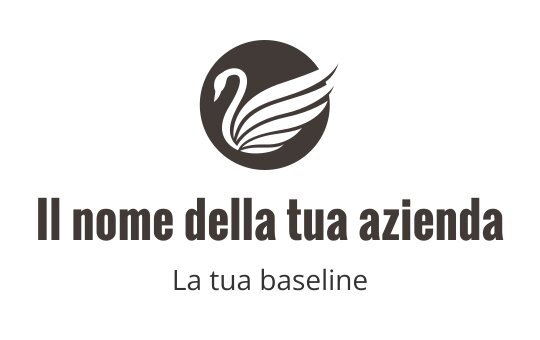 Logo elegante di cigno con ali fluide in forma circolare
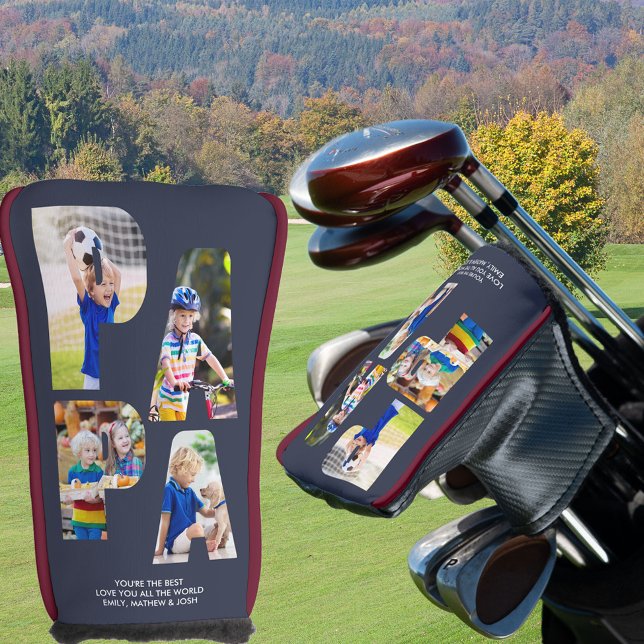 PAPA Letter Cutout Photo Collage Putter Head Cover (Creator Uploaded)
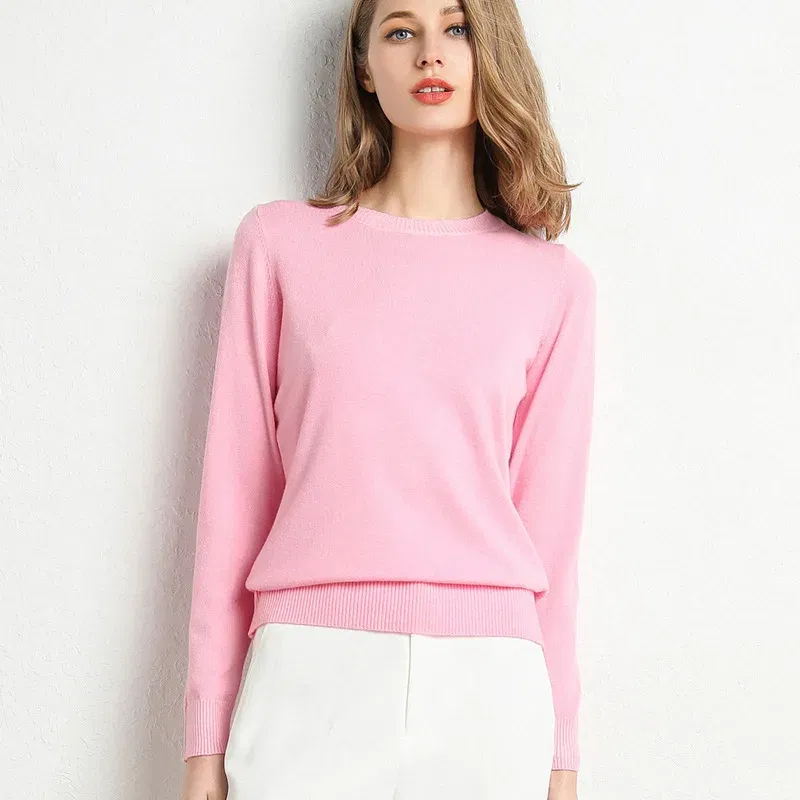 Color: Pink, Size: M - Women Slim O-Neck Solid Pullover Cashmere Wool Blending Sweater Autumn And Winter Long-Sleeved Knit Bottoming Shirt Large Size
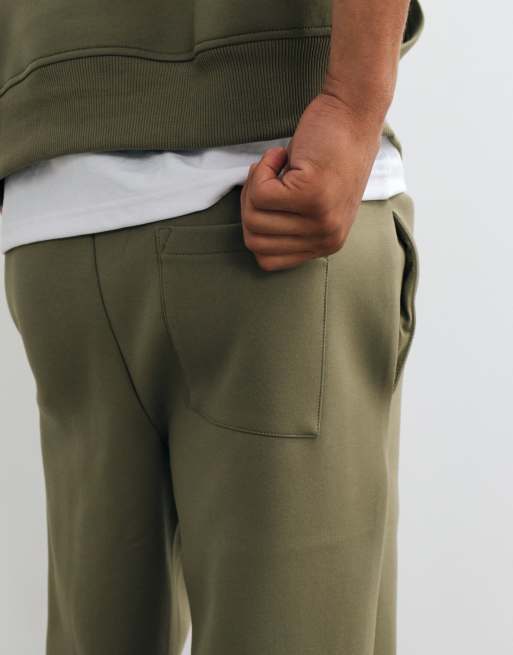 ASOS DESIGN wide leg scuba-style fabric trackies with embroidery in olive green, 5 of 5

EXERCISE AIM:
Nothing but the lines from the one holding "Color: Pink, Size: M" through the last line of the listing should appear in the answer, copied exactly and without pictures.

FINISHED EXERCISE:
 Color: Pink, Size: M - Women Slim O-Neck Solid Pullover Cashmere Wool Blending Sweater Autumn And Winter Long-Sleeved Knit Bottoming Shirt Large Size
 ASOS DESIGN wide leg scuba-style fabric trackies with embroidery in olive green, 5 of 5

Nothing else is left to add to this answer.